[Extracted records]
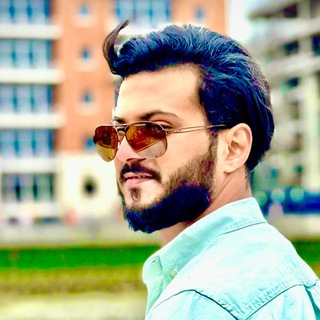 Telegram profile photo for ناصر البدري
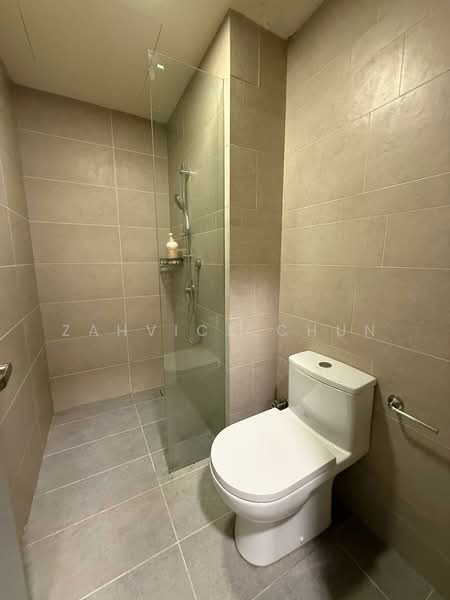 Servis Apartment untuk Disewa di 8th & Stellar - Zahvics Chun - PropertyGuru.com.my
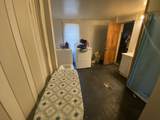 123 Pine St - Photo 14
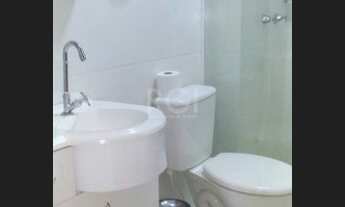 Imagem 7: Torres - Apartamento Padrão - Stan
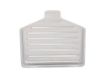 Picture of Delonghi Cup Plate
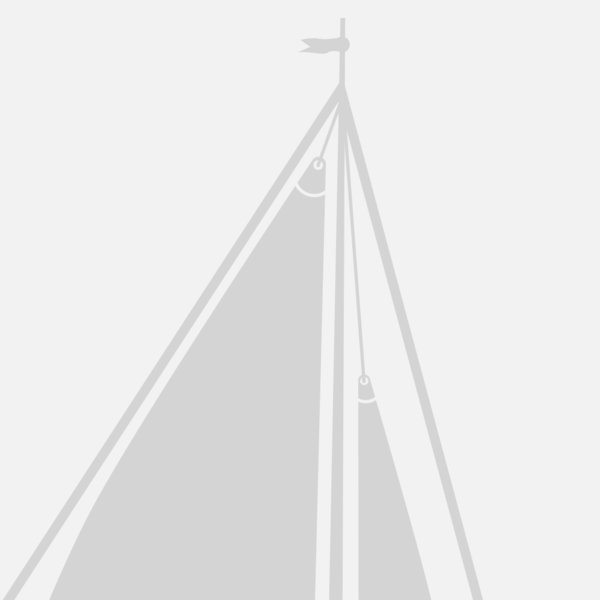 Example] Sailing Boat Decor 1 - Zwinger
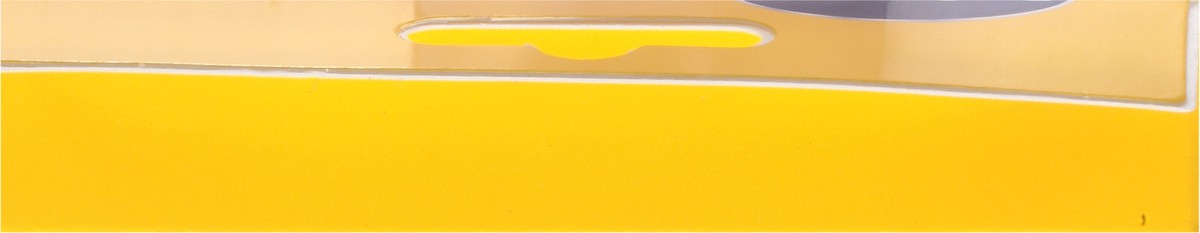 slide 3 of 9, Dr. Scholl's Blister Cushions 8 ea, 8 ct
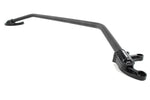 PERRIN Front Strut Brace - Subaru WRX (GE8/GH8/GF8/GV8/GR8/VAG/VBH/VNH) STI (GRF/GVF/VAB) Forester (SH9/SJG/SK) - Image 5 - Perrin Performance Thumbnail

» **How to complete this task**
Hand back the data exactly as it appears, with all pictures cut.

» **Output of the exercise**
 Telegram profile photo for ناصر البدري
 Servis Apartment untuk Disewa di 8th & Stellar - Zahvics Chun - PropertyGuru.com.my
 123 Pine St - Photo 14
 Imagem 7: Torres - Apartamento Padrão - Stan
 Picture of Delonghi Cup Plate
 Example] Sailing Boat Decor 1 - Zwinger
 slide 3 of 9, Dr. Scholl's Blister Cushions 8 ea, 8 ct
 PERRIN Front Strut Brace - Subaru WRX (GE8/GH8/GF8/GV8/GR8/VAG/VBH/VNH) STI (GRF/GVF/VAB) Forester (SH9/SJG/SK) - Image 5 - Perrin Performance Thumbnail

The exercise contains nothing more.